現代は競争が激しい社会であり、いわゆる「いい人」というだけではうまく生き抜いていけない、という点も確かに事実かと思います。こういう世の中では「いい人」はどこか悪いイメージを持って語られることさえあるわけですが、それでも人間関係や社会は損か得かという物差しだけで成り立っているものではありません。
例えば、一流といわれる大学に見事合格し、いわゆる「大企業」と呼ばれるところに就職し、そのままずっとうまく立ち回ってライバルを退け、どんどんと出世しているような人を考えてみましょう。周囲の人たちは誰しも、この人に従っていれば間違いないと考えてすり寄ってくるでしょう。ですが、いったん何かあって左遷されてしまったり、定年で仕事から退いたときにどうなるでしょうか。
気づいたら周囲には誰もいなかった、などということになってしまうことが多々あります。会社を辞めた年からお歳暮も年賀状も届かなくなった、というようなことはままありますが、まさにこういったことを表している事例ではないでしょうか。
これが逆に「いい人」と言われる人であれば、その人に何かあったときでも周りの人たちがその人を助けてくれるでしょう。ましてや、利害が絡まない間柄になったからといって付き合いすらなくなる、というような心配はありません。「いい人」はいい人間関係に恵まれますし、見捨てられることもないのです。
募金は手軽に子どもの思いやりを育てることができる
このように、自分の子どもが思いやりの心を持った子どもに育って欲しい場合、自分よりも不遇な人のためにわずかなりと寄付をするという行為は一番手軽で、また身近な機会を捉えてそれを行うことができます。

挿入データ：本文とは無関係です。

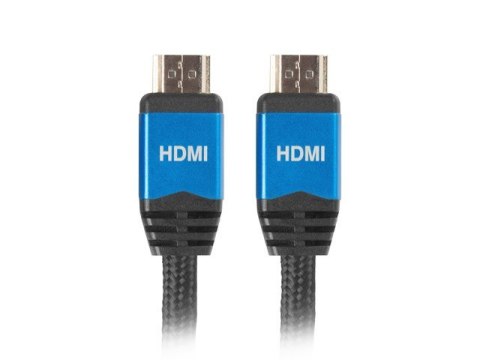 Lanberg Kabel Lanberg Premium CA-HDMI-20CU-0030-BL (HDMI M - HDMI M; 3m; kolor czarny)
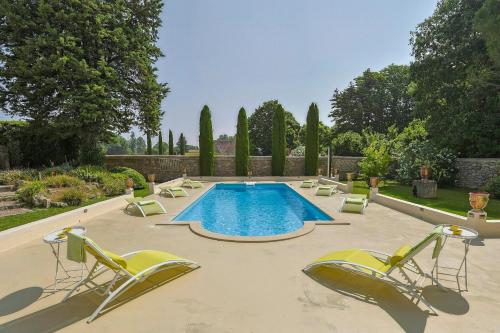 Viesnīcas āriene, Villa With Pool Near Pic Saint-Loup in Sainte-Croix-de-Quintillargues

いま身の回りにおいて一番よく目にする募金の機会と言えば、おそらくスーパーマーケットやコンビニエンスストアのレジの脇に設置してあるような中身が見える募金箱ではないかと思います。ほとんどの場合、そうした募金箱には一円玉や五円玉、十円玉などの少額貨幣が入っているかと思います。しかしときおり千円や五千円といった紙幣が入っているのも目にします。
さて、子どもを連れているときにそういった紙幣入りの募金箱に出くわした際、「まあ、もったいない」などと言ったりしていないでしょうか。もしくは、子どもが募金箱を見て「ボクも募金するんだ!」と言い出した時、「そんなのいいから早く来なさい!」などと、子どもの感心な思いを頭ごなしに否定したりしていないでしょうか。

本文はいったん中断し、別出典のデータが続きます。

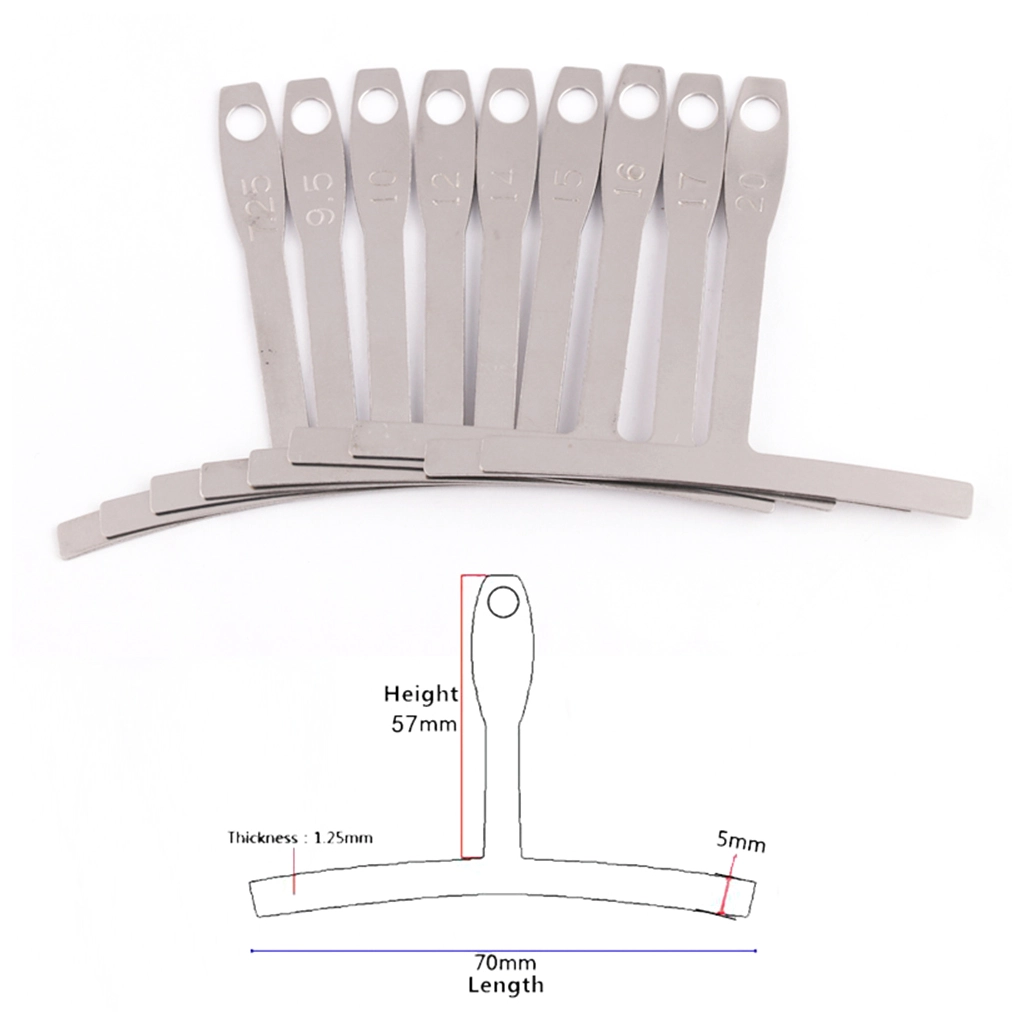 Redwood Understring Radius Gauges 1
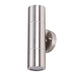 Stainless Steel Shiny Led Wall Lamp - Elegant Outdoor Lighting For Bedrooms Gardens And Porches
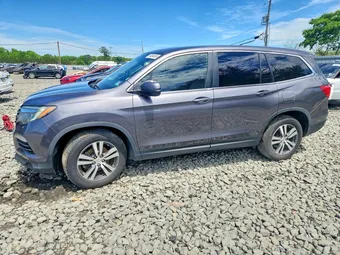 2017 Honda Pilot 5FNYF6H36HB093476 Lot 54384386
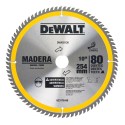 DISCO CORTE TRANSV. 10" X 80 DEWALT DWA03130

実際にはどこにも寄付をしないにも関わらず寄付を募り、集まったお金を懐に入れてしまうような詐欺集団が現れたり、実は宗教団体が自分の資金集めのために募金まがいのことをしていたりするなど、よく注意していないと自分の善意すらどこで何に利用されてしまうか分からないような嫌な時代です。そのような怪しい寄付集めもある昨今ですから、自分のお金がどこに行くか分からない寄付には抵抗があるという方もあるかもしれません。
そういう場合は、例えば数千円程度寄付をすることによって、戦争の犠牲となり難民になった子どもたちや、開発途上国の恵まれない子どもたちの里親になれるといったような、国際ボランティア基金が行っているプロジェクトもあります。そういったものに目を向けてみてはどうでしょうか。

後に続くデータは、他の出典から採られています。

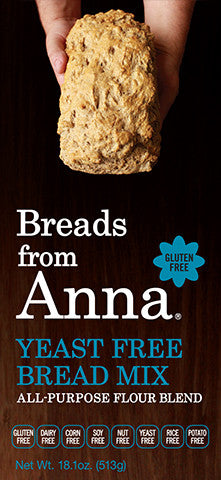 Yeast Free Bread Mix Breads From Anna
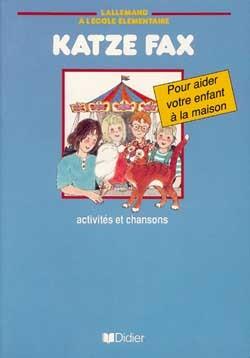 Katze fax cassette eleve + livret parents cm1-cm2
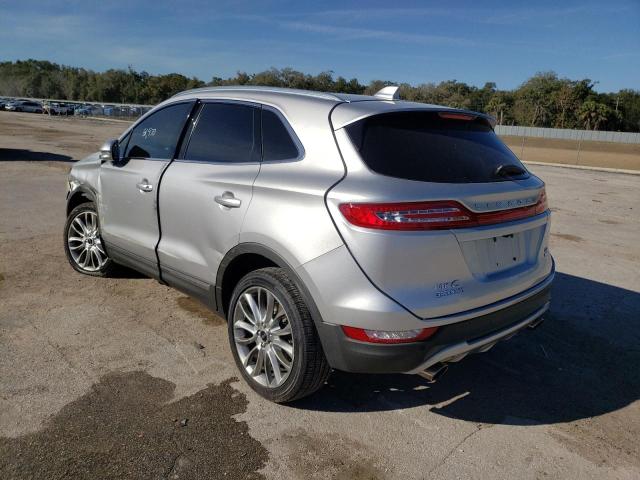 2016 LINCOLN MKC RESERV 5LMCJ3C90GUJ27817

子どもが玩具を欲しがったときに、たまにはその玩具をあきらめる代わりに同額を寄付してみるのです。それだけのお金があれば、学校に行けずにいた子どもたちに勉強の機会を与えることができたり、命を救うためのワクチン何本分かの資金になったりします。こういった寄付行為を通して、不遇な人々に対する思いやりを育むことは、今後の子どもの人生に必ず資すると思われます。
最近は「自己責任」という言葉がよく言われ、不遇な環境にある人などどうでもいい、それはその人の責任だろう、という考えを持っている人もあるかもしれませんが、それは今現在自分が若く健康で、何の問題もなく生計を立てられているからこそ言える言葉です。
年齢を重ねて働けなくなったり、例えば暴走運転の車にはねられるなど自分に全く過失はないのに大けがをすることもないとは言えません。一寸先は闇とも言い、いつ何どき自分も不遇な環境に身を置くことになるか分からないのです。
そういったときに自分の子どもが「そんなの関係ない」という考え方しかできない大人に育っていたらどうでしょうか。子どもが思いやりの心を持つように育てることは、巡り巡って親にもよい人生を保証してくれると思うのです。